Menunggu Pondok Makam Islam Kuno Roboh di Tanggamus

WONOSOBO (29/2/2022) - Selintas, papan penunjuk komplek makam islam kuno di Pekon Tanjungkurung, Wonosobo, Tanggamus, masih gagah berdiri. Apalagi di sana termaktub nama Pangeran Jiwa Kesuma, penyebar agama Islam di Lampung.

Nama Pangeran Jiwa Kesuma juga tidak bisa dilepaskan dari Maulana Hasanuddin, pendiri Kesultanan Banten yang berkuasa pada Tahun 1552 hingga 1570 Masehi. Beliau juga putera Syarif Hidayatullah alias Sunan Gunung Jati, yang hidup pada Tahun 1479 hingga 1568 Masehi.

Namun begitu masuk ke pintu makam, melewati samping sebuah rumah, pintu masuk makam Islam Kuno seperti menunggu rubuh. Betonnya sudah dililit benalu, yang siap menjadikannya runtuh. Tanaman liar tumbuh subur di bagian atasnya.

Secara umum, makam-makam di komplek tersebut masih tampak jelas, terutama perbedaan nisannya, yang mempertahankan tradisi keraton. 

Namun, untuk makam-makam tertentu, seperti Pangeran Jiwa Kesuma, yang ditutupi dengan pondok, sudah berganti tiang dengan stanless karena nyaris roboh setahun lalu.
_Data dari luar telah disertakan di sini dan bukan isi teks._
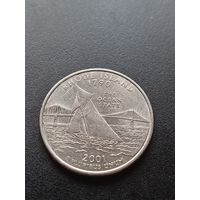 США 25 центов 2001 г. D -  Род-Айленд
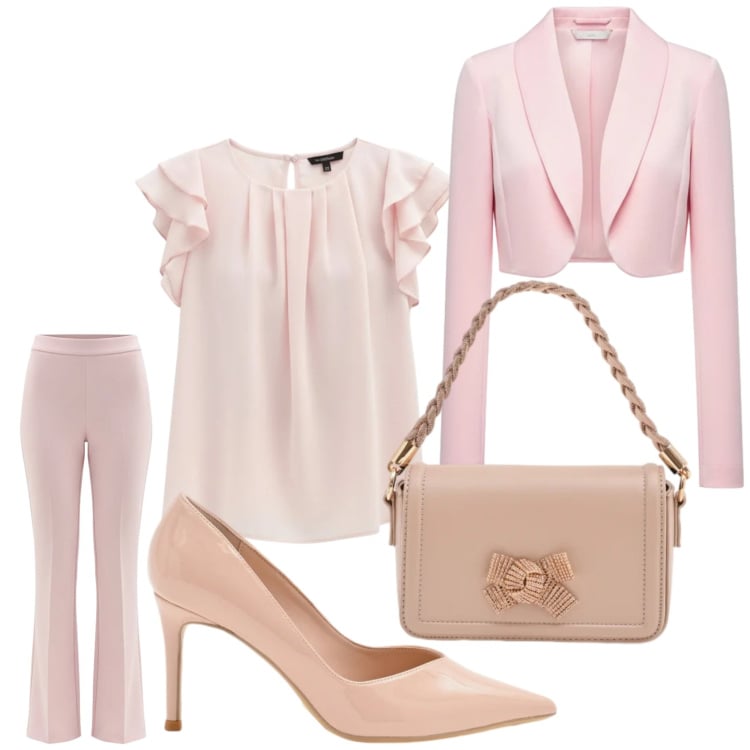 Outfit donna - Cipria. Stile Chic per Serata fuori. Abbinamento con bolero, top, pochette, décolleté, pantaloni.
Kayu yang lapuk tetap dibiarkan agar tidak menghilangkan karakter sebagai cagar budaya.

Lebih menyedihkan pendopo untuk makam “bujang gadis” yang tinggal menunggu rubuh. Kayu-kayunya siap menimpa para peziarah atau rombongan wisata religi.

Misyati, isteri almarhum juru kunci makam, Senin 28 Maret 2022, mengatakan komplek tersebut masih tercatat sebagai cagar budaya dan pernah dipugar oleh Kementerian Kebudayaan pada Tahun 1984.

Seingat Misyati, ketika komplek makam masih di bawah Pemerintah Provinsi Banten, perawatannya masih terjamin. Perhatian terhadap cagar budaya tersebut berubah sejak dialihkan ke Pemkab Tanggamus pada Tahun 2012.

Sejak ditinggal suaminya, wanita berusia 67 tahun itu menyebut, meski tanpa honor, ia masih berusaha membersihkan komplek makam islam kuno tersebut, termasuk mencatat wisatawan religi yang datang.

Ia sangat berterimakasih kepada  kepada Raden Paksi dari Padangratu membangun pondok  makam Pangeran Jiwa pada tahun lalu.

Miswati mengatakan, meski dalam keadaan memprihatinkan, masih banyak peziarah dari Jawa, Palembang, dan Malaysia. Mereka umumnya datang menjelang Ramadhan, Idul Fitri, dan bulan Maulid.

Selain Misyati, Supendi, Kepala Pekon Tanjung Kurung, juga menyatakan prihatin dengan kondisi cagar budaya tersebut. Namun pihaknya tidak bisa memakai Dana Desa karena dilarang instansi terkait atas nama Undang-Undang Cagar Budaya, terutama dalam perubahan keaslian situs.